• [EXERCISE REQUIREMENTS]
From the material below, copy exactly the lines beginning with the one that contains "Woman wearing a" and ending with the one that contains "Side view of"; the pictures stay out.

• [DATA FOR PROCESSING]

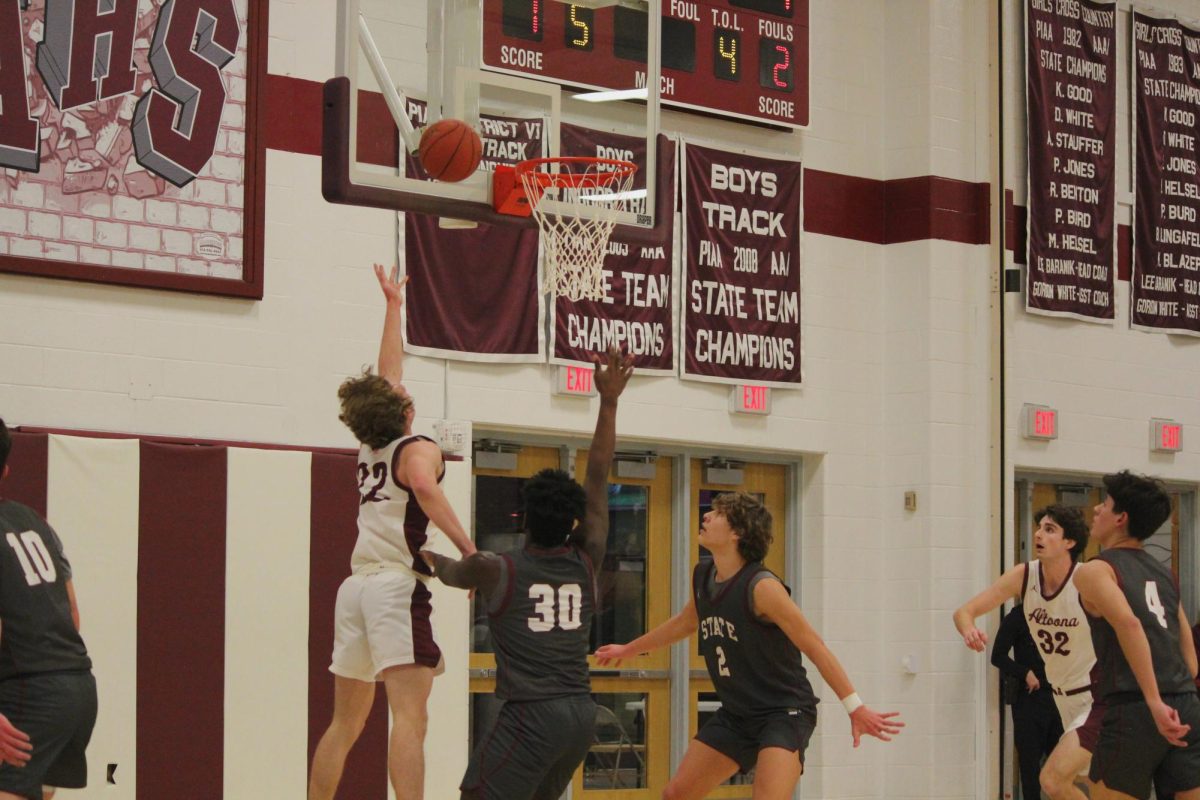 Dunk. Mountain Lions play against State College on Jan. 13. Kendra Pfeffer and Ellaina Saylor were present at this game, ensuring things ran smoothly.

--

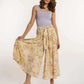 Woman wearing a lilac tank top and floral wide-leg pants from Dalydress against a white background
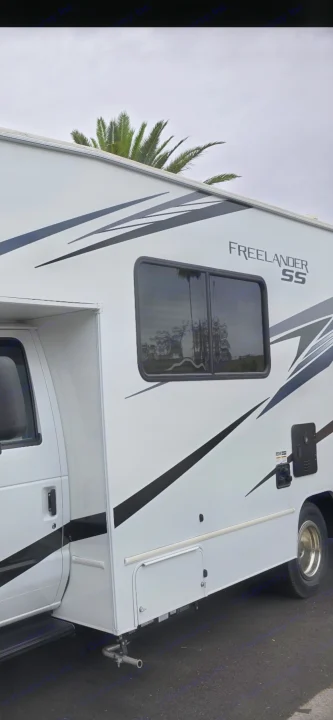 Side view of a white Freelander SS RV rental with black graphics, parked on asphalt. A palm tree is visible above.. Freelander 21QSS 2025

• [EXPECTED OUTPUT]
 Woman wearing a lilac tank top and floral wide-leg pants from Dalydress against a white background
 Side view of a white Freelander SS RV rental with black graphics, parked on asphalt. A palm tree is visible above.. Freelander 21QSS 2025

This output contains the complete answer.